- Work required
Beginning at the line with "Imagine the Dream", please repeat each line exactly through the end of the records below, including that first line and the last, but no pictures.

- Raw data
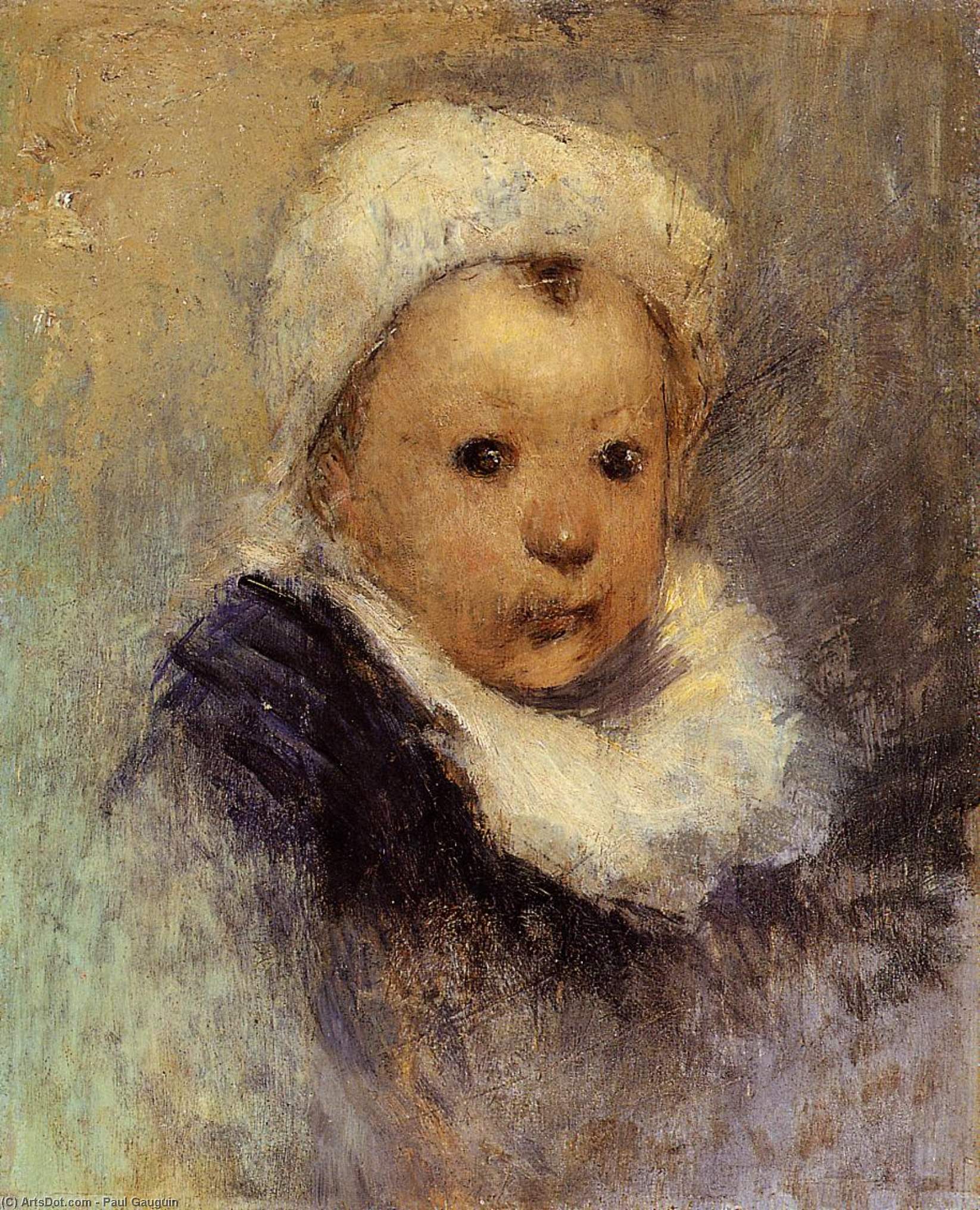 Portrait Of A Child (aline Gauguin.) — Eugène Henri Paul Gauguin
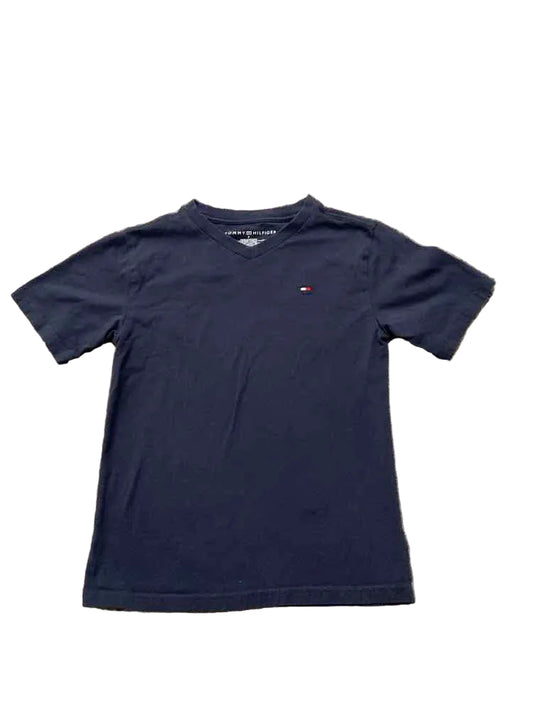 Tommy Hilfiger (B) Navy Youth Size 7 Boy's SSTop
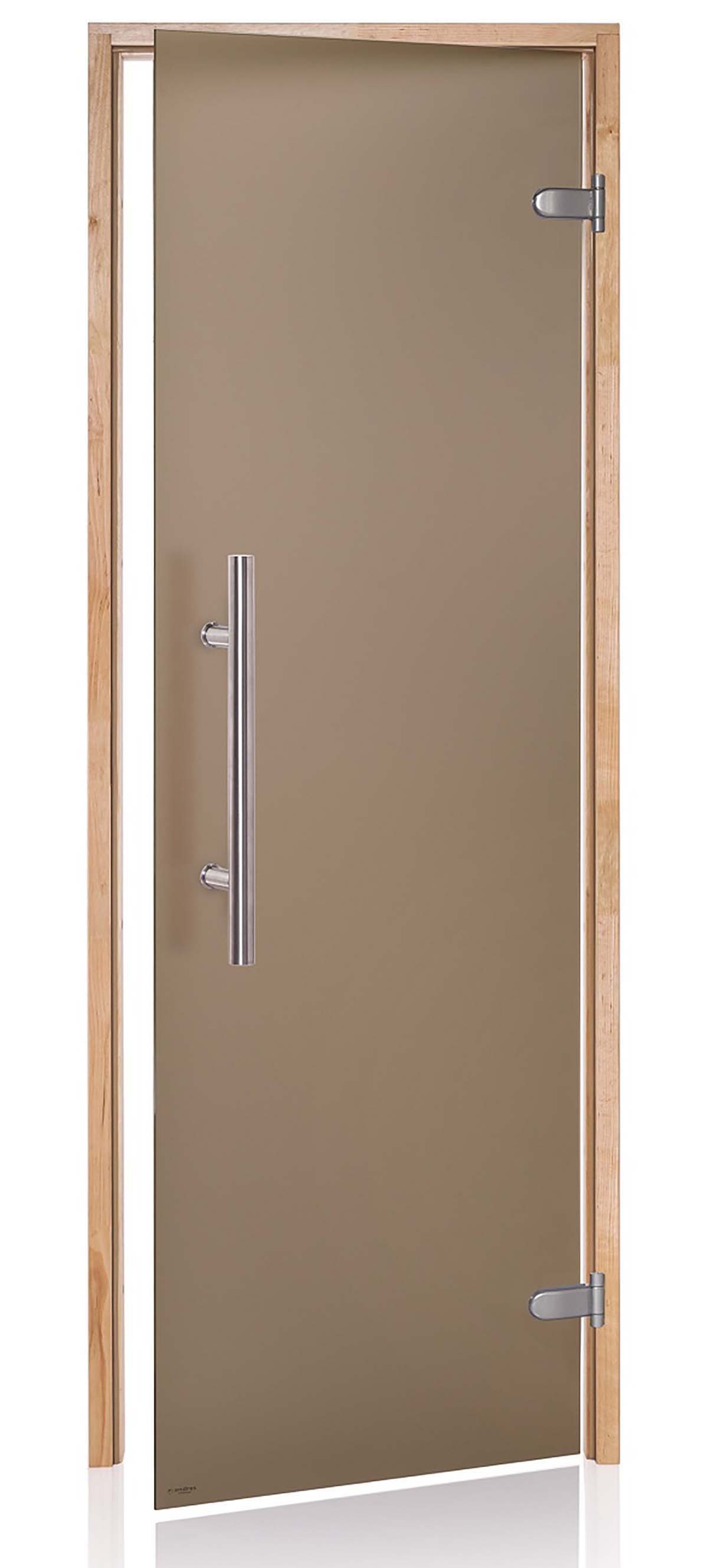 Ad Premium Light Sauna Dveri Universalnaya 80 X 200 Matovo Bronzovyj Saunainter Com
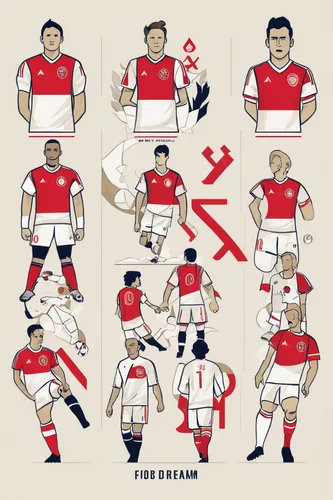 Imagine the Dream Team lineups for Ajax Amsterdam and Feyenoord.,arsenal,rugby tens,forwards,eight-man football,dwarfs,crampons,emirates,neanderthals,icon set,ox,injuries,rugby union,mini rugby,footba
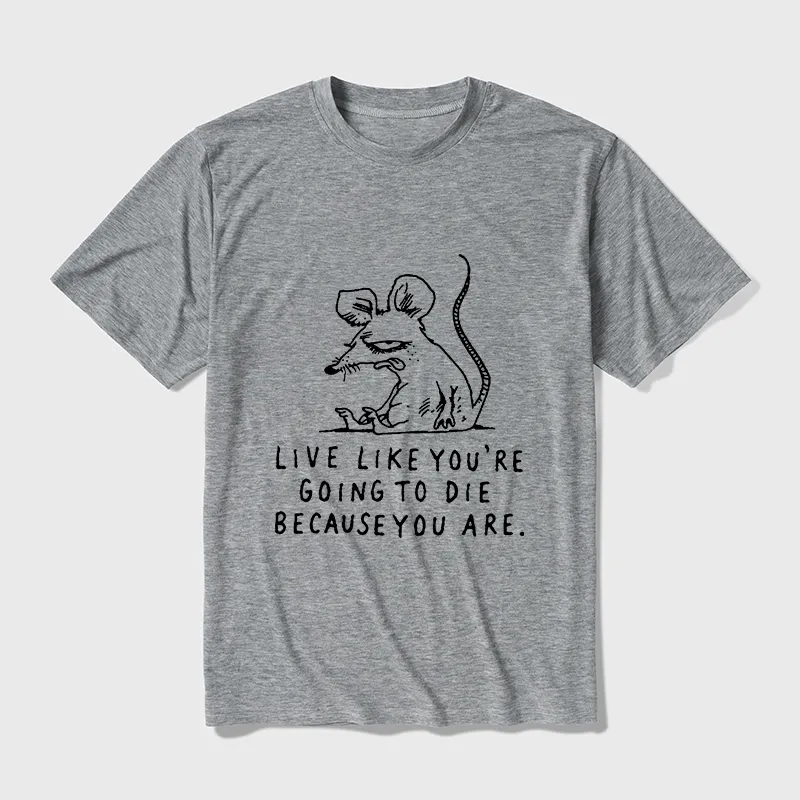 Tokyo-Tiger Funny Meme Sarcastic Rat Life Truth Cotton Blend T-Shirt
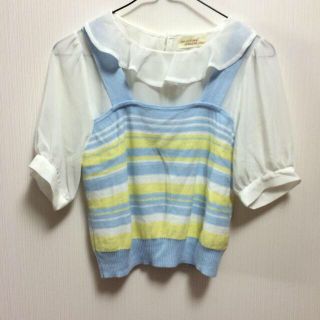 ダブルクローゼット(w closet)のニットビスチェトップス(シャツ/ブラウス(半袖/袖なし))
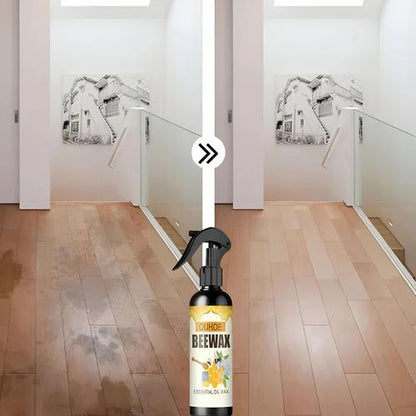 Bee wax furniture polish in easy spray bottle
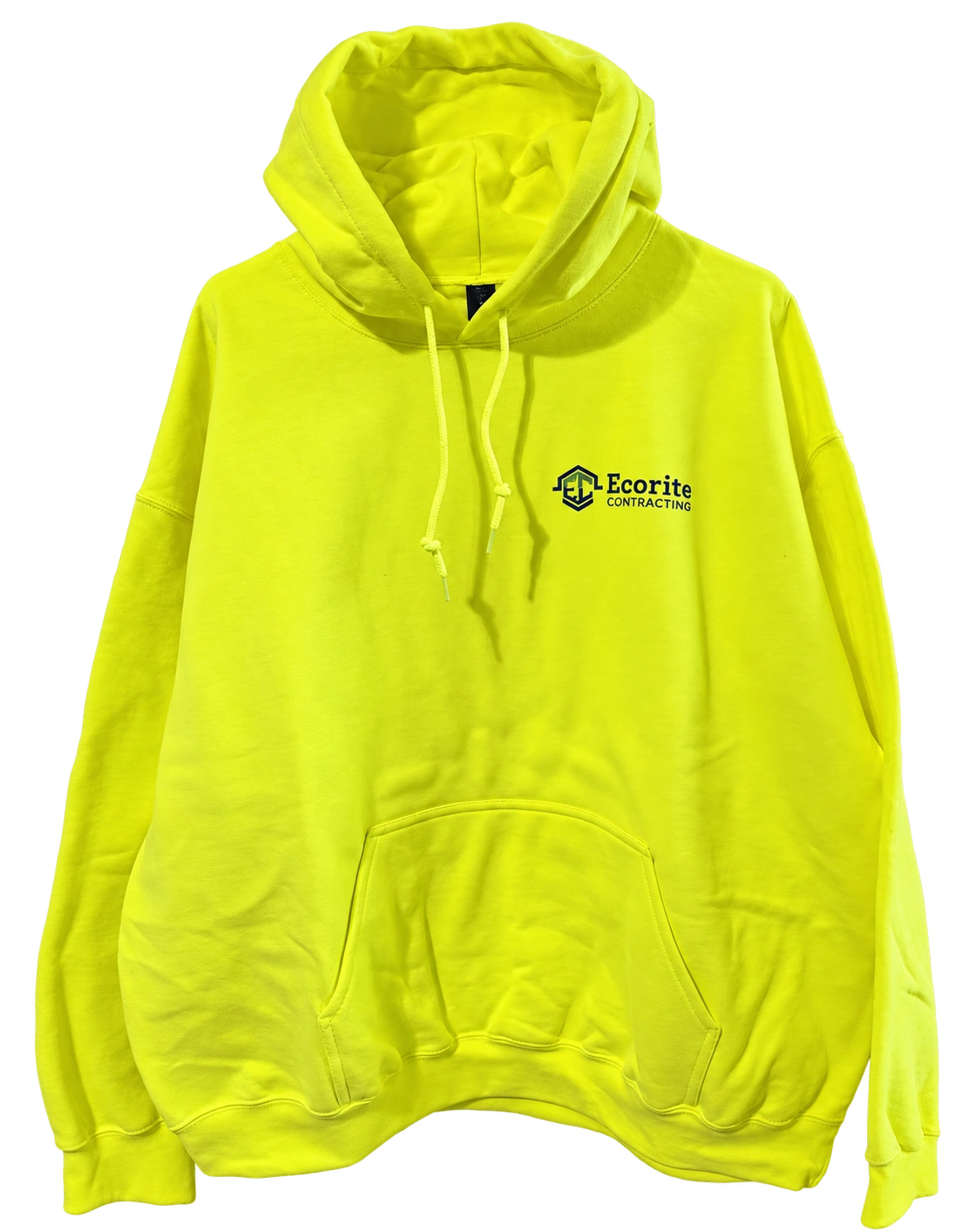 Ecorite Contracting — Hoodie front: Custom apparel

- Problem solution
 Imagine the Dream Team lineups for Ajax Amsterdam and Feyenoord.,arsenal,rugby tens,forwards,eight-man football,dwarfs,crampons,emirates,neanderthals,icon set,ox,injuries,rugby union,mini rugby,footba
 Tokyo-Tiger Funny Meme Sarcastic Rat Life Truth Cotton Blend T-Shirt
 ダブルクローゼット(w closet)のニットビスチェトップス(シャツ/ブラウス(半袖/袖なし))
 Bee wax furniture polish in easy spray bottle
 Ecorite Contracting — Hoodie front: Custom apparel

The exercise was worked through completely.